SBJ/August 13 - 19, 2007/This Weeks News

SNY finds sports on NYC streets

SportsNet New York is taking to the streets of New York City for its first original series, “Street Games,” which will debut Sept. 12.

A Bronx stickball game and a bike messenger
race are featured in the first episode.

Described as “Wide World of Sports” meets the Big Apple, “Street Games” looks at non-mainstream sports played in the boroughs. The episodes will focus as much on the personalities of the athletes involved as the competition.

The first, “sneak peek” episode on Sept. 12 will feature a stickball game in the Bronx and a bike messenger race through the Bronx and Manhattan.

“You would never see this in another market,” said SNY President Steve Raab. “These are very neighborhood-based events with competitors that are out playing these things all day, every day.”

Pontiac has signed as the presenting sponsor with a deal in the mid-six figures.
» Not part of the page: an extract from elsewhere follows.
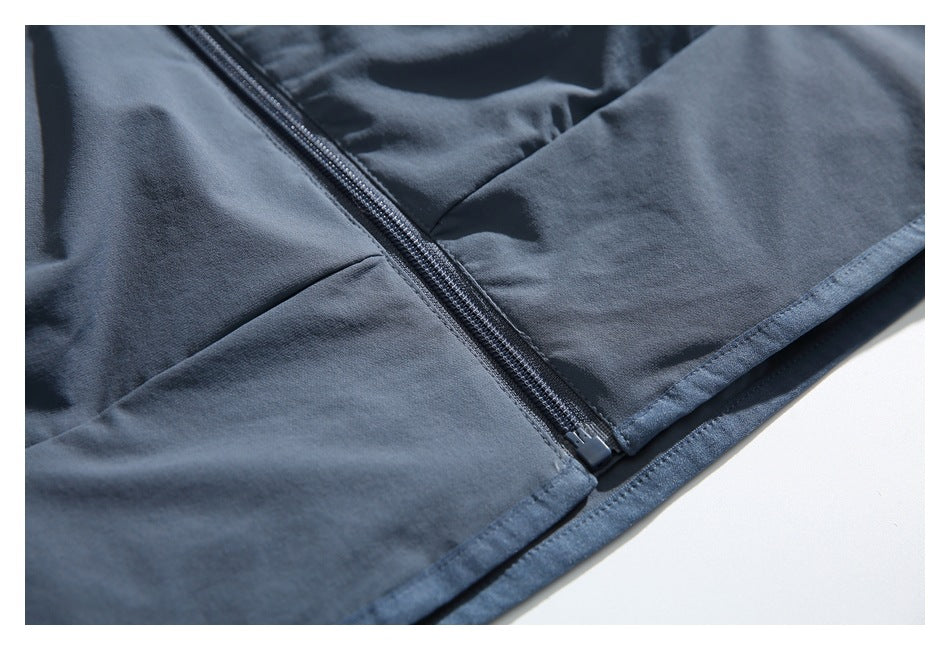 Close-up of a blue-gray garment's diagonal zipper, lower zipper pull, and stitched hem.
SNY executives have thought about producing this type of show since the RSN’s launch in spring 2006. “If our position is about being the home for the New York sports fan, then we have to be in the community. We have to get out there in the right way,” Raab said.

If it’s successful, the series will fill a hole in the RSN’s programming lineup, which does not feature a professional team beyond the New York Mets.
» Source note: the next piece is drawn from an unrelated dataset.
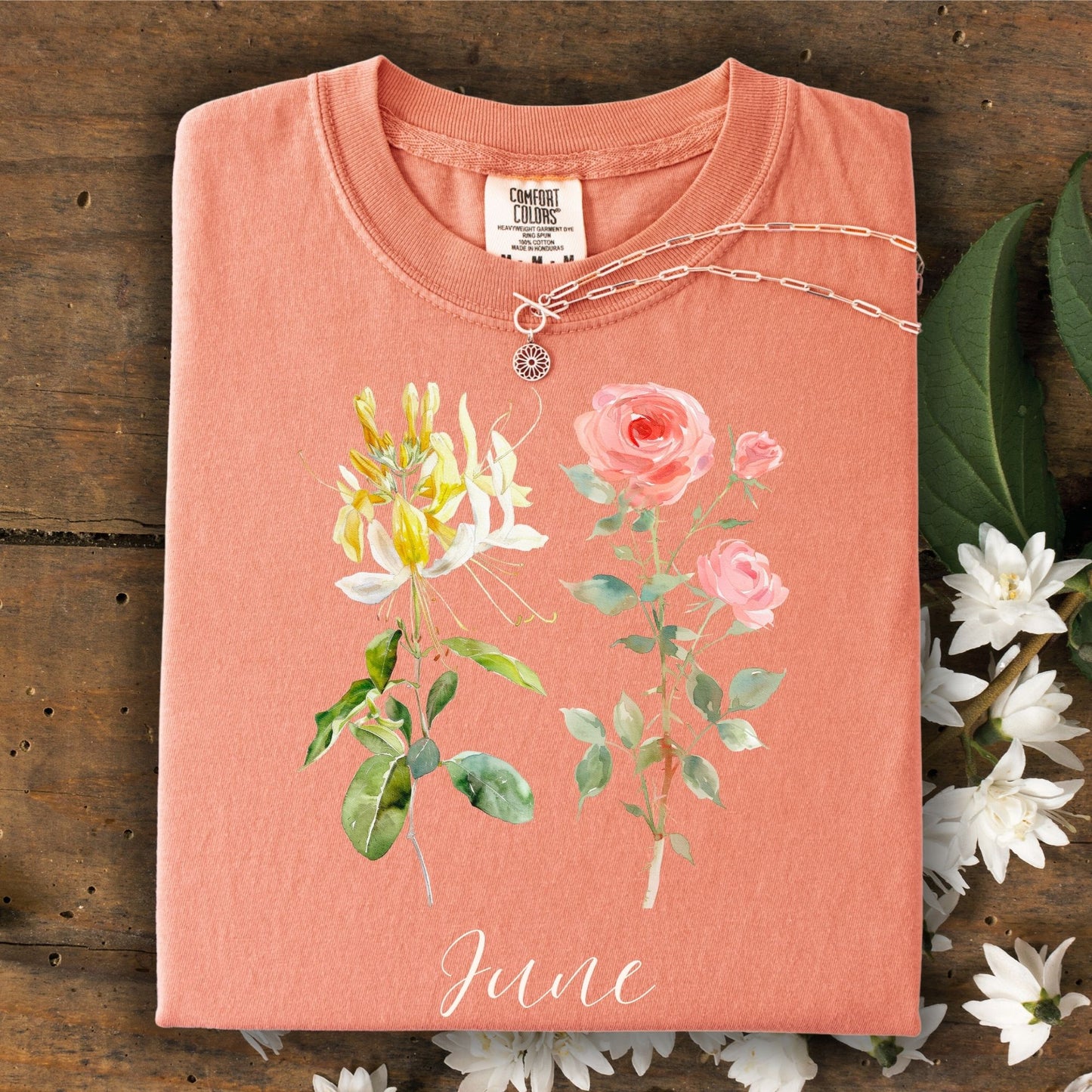 Terracotta June birth month flower t-shirt with honeysuckle, rose, and "June" script, 100% cotton.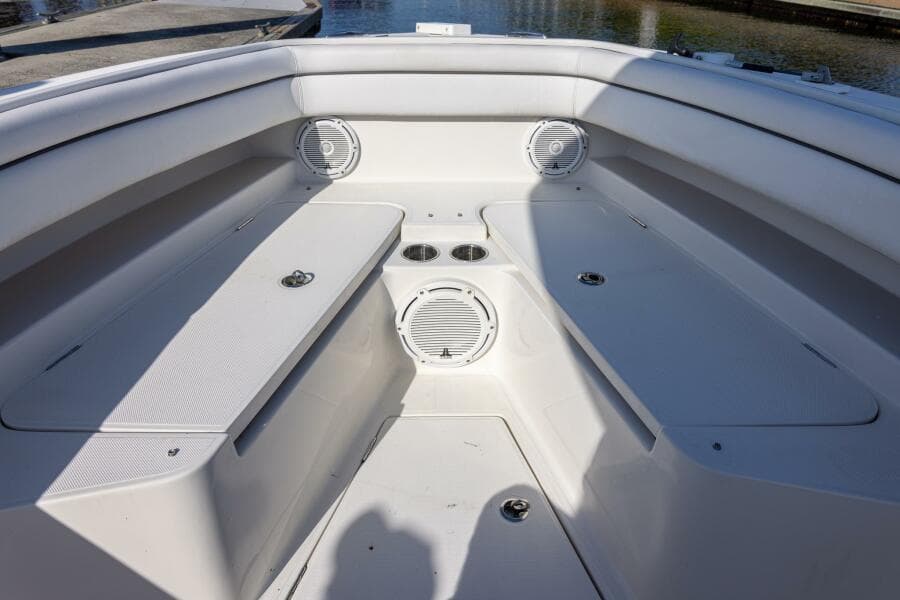 Bow seating area of 2018 Jupiter 26 FS boat with speakers and cup holders.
SNY has scheduled the series to run 10 consecutive Thursdays at 7 p.m., starting Sept. 13. The Sept. 20 episode will air after the Mets-Marlins game that starts at 7 p.m.

Most of the half-hour episodes will feature two events. Kenan Harkin will host. Harkin also has hosted AST Dew Tour coverage on NBC and has competed in the X Games.
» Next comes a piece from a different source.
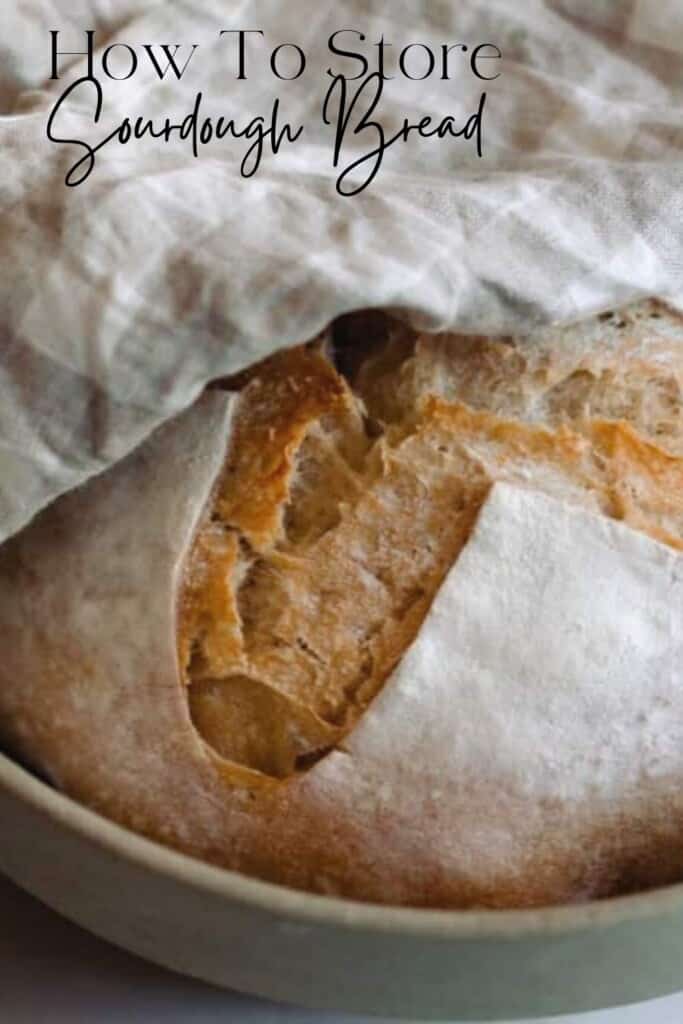 a close up photo of a sourdough boule in a bowl topped with a tan and white checked towel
The network hired Ogilvy to come up with a marketing campaign that will focus on the tag line, “Street Games is our stadium.” The campaign will be conducted on-air and via bus shelters, phone kiosks, subway signage, billboards and print and radio spots. The network plans to launch an online component to the series via SNY’s Web site.

Other New York-centric activities will  include a roller derby in Queens, lawn bowling in Brooklyn, rugby in Manhattan and arm wrestling on Coney Island.

“Viewers don’t really care who wins or loses, just like on ‘Wide World of Sports’ we didn’t care who won the barrel-jumping competition,” Raab said. “A lot of the events we’re uncovering we never knew existed.”